I plan to attend the Heritage Theater in Campbell to hear Carr discuss his book, one of two selected for the 2014 Silicon Valley Reads program. But I have to confess I’m not sure that I buy into the author’s central premise that the Internet is causing people to lose their ability to concentrate and analyze information. Carr’s reasoning is faulty in blaming the medium of the Internet for the breakdown of our mental powers.

As a professional writer who worked for a technology-focused news service for several years and witnessed the rapid public acceptance of the Internet during the 1990s, I see the Web as a boon to the democratization and distribution of information to a broad audience. The Internet has also evolved into a more interactive information experience for a worldwide audience, enabling a wider variety of information to be accessed than traditional printed media could ever allow. The Internet empowers readers to download and read, for example, the book The Shallows on their Kindle devices, watch a YouTube video of Carr giving a lecture about his book, listen to an MP3 audio of Carr discussing his book on an NPR interview, and engage in dynamic dialogue with other readers through social media about what they think of The Shallows. The plethora of so many more information interactions through the Internet enables the possibility of more ways people can learn about The Shallows — and share their opinions about the book.

What Carr is doing is nothing new in human history. No doubt when neolithic humans first started to paint pictures of their hunts on cave walls, critics in the tribe cried out in alarm that this newfangled medium of artistic imagery would ruin the minds of young people, causing them to stop using their imagination. Many centuries later, Socrates, that worrywart of ancient Athens, started the scare on technological advances on storing and distributing information in written form. The philosopher rued the invention of books — papyrus scrolls back then — claiming that this newfangled thought-recording medium would “create forgetfulness” in the soul and warning his fellow Greeks not to trust in “external written characters.” Socrates would be shocked if he might visit the Morgan Hill Library and see the thousands of published volumes — including Plato’s “Phaedrus” where his very lamentations about books are recorded.

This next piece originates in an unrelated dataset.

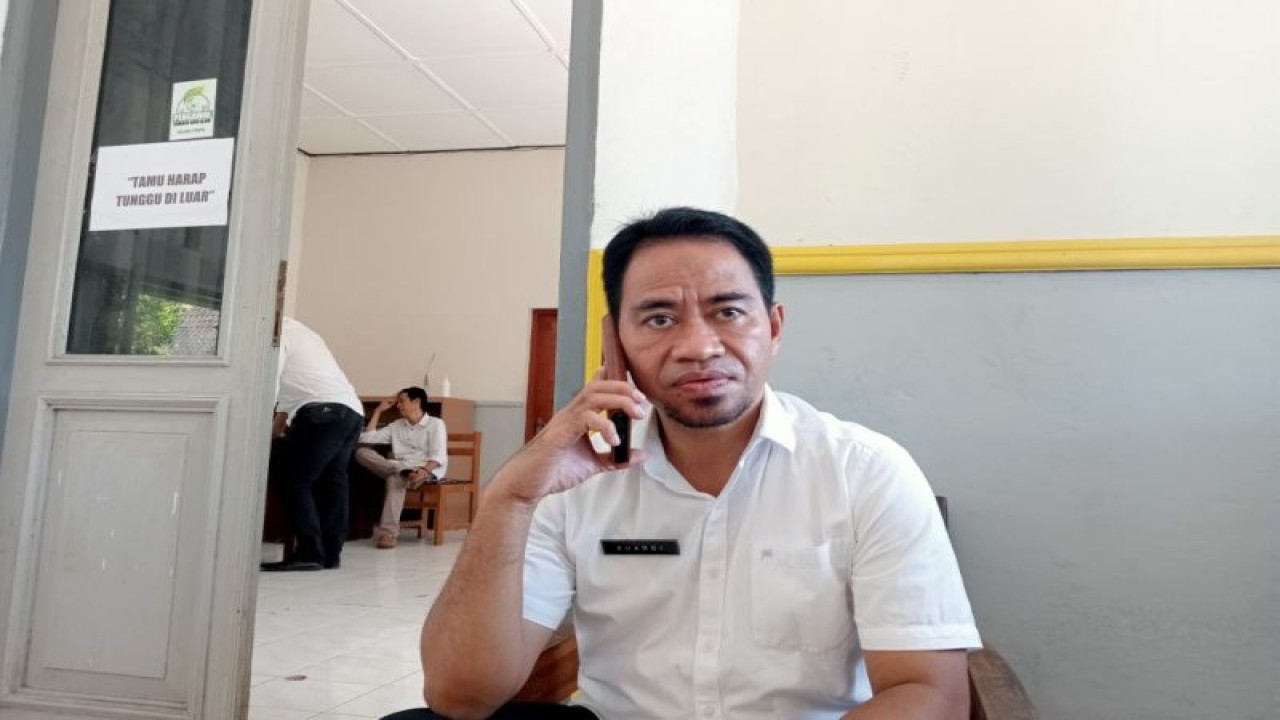 Kepala Dinas Kesehatan Kabupaten Lombok Tengah H Suardi (ANTARA/Akhyar)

Two centuries after the invention of the modern printing press by Johann Gutenberg, 17th century essayist Robert Burton complained that the vast number of published books were a ruination for the mind by increasing “chaos and confusion” in the number of new ideas dispersed. The telegram was a forerunner to the Internet as a Satan-spawned information technology system. People were aghast at the near instant speed of communication from this electronic contraption, with one doctor claiming that the “pelting of telegrams” would result in mental illness. Radio and TV in the 20th century were claimed as culprits in softening the brain through mindless entertainment and, ironically considering Socrates’s warnings, diverting children from reading books.

The Internet is a tool, and like every tool, this powerful technology can be both wisely used or foolishly abused. With search engines like Google, the Internet provides us with virtually instantaneous access with our home and office computers, notebooks, smart phones and tablets to far more information than we could ever possibly find in any library.

Carr is correct and the Internet is indeed changing our brains. But the truth is, every source of information changes our brains…. including books, magazines and newspapers, radio, phonograph records, CDs, cinema and television. Where Carr gets it wrong in The Shallows is that he forgets that it’s not about the medium, it’s about the message. Just like if you want to be physically healthy, you need to choose quality food to consume and limit your consumption of potato chips and cookies, so your information diet requires you to make smart choices on what content you consume and put in your brain. It requires discipline to feed your mind a nutritious information diet.

Browsing the Internet, we have a choice of selecting websites that can either stimulate the soul or waste our time by idle Web surfing. Carr’s blaming the Internet for allegedly making us stupid is stupid in itself. In the end, it’s not the medium that matters. It’s the quality of the content we select – including books, magazines, newspapers, TV, and radio – that ultimately shapes our minds and impacts our lives.